Two roads diverged in a yellow wood,
And sorry I could not travel both
And be one traveler, long I stood
And looked down as far as I could
To where it bent in the undergrowth;

Then took the other, as just as fair,
And having perhaps the better claim,
Because it was grassy and wanted wear;
Though as for that, the passing there
Had worn them really about the same,

And both that morning equally lay
In leaves no step had trodden black.
Oh, I kept the first for another day!
Yet knowing how way leads on to way,
I doubted if I should ever come back.

I shall be telling this with a sigh
Somewhere ages and ages hence:
Two roads diverge in a wood, and I –
I took the one less traveled by,
And that has made all the difference.

The Spanish poet Antonio Machado cautions the traveler that there is no road; one makes the road as one wanders. The German poet Rainier Maria Rilke suggests something similar but in a different way in his Duino Elegies; the traveler should beware for the road is also wandering. Regardless, they all point to the trip itself - the route chosen to make one’s approach - taking priority over the eventual destination, if any. William Least Heat-Moon sums it up pretty well; "to go out not quite knowing why is the very reason for going out at all, out to discover the why is the most promising and potentially fulfilling of outcomes."

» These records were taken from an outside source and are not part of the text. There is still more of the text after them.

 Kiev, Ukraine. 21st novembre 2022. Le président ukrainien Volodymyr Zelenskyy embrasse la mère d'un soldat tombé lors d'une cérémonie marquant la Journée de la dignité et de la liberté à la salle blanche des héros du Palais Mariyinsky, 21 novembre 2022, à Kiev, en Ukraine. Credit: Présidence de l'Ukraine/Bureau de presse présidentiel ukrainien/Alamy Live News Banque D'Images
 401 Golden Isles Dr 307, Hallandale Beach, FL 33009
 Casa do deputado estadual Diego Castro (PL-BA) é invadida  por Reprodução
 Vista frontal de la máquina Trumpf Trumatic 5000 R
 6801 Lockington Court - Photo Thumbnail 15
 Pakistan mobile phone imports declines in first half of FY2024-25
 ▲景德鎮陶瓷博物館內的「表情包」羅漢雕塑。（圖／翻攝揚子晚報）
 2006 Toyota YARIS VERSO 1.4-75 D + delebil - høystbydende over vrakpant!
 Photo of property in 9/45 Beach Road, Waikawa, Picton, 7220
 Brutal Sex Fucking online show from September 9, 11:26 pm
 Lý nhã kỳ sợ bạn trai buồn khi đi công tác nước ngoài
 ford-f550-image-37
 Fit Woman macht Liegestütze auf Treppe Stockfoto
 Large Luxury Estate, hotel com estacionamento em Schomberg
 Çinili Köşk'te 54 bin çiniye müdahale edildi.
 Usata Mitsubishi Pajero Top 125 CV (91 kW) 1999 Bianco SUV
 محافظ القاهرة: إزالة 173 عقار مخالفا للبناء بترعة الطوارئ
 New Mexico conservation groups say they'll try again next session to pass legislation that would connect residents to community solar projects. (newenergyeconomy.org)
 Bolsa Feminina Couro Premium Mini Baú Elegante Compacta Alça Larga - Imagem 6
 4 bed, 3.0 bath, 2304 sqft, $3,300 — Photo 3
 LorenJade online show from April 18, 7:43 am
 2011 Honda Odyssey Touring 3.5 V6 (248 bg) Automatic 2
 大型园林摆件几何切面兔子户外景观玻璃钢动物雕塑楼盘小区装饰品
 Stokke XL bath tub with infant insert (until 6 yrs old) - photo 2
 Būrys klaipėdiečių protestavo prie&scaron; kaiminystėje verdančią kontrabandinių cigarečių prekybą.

I do not want to simply travel through various landscape and sceneries. I seek out that road trip that will take me into the landscape in order to better understand it, and the people who call it home, those who praise or curse it for what it offers or takes away. Jim Harrison, in his 1987 essay "Going Places," writes about his affinity for special places "where I sensed a particular magic in the past" certain culverts in western Minnesota, nondescript gullies in Kansas . . . Everyone must find their own place." I have been writing about some of these places in past weeks, and I will be introducing more in the coming months. Steinbeck, writing in Travels With Charley, offers the axiom that a trip may continue "long after movement in time and space have ceased." I believe this to be true; road trips will always offer greater insight into the American land as I travel it from one edge to the other.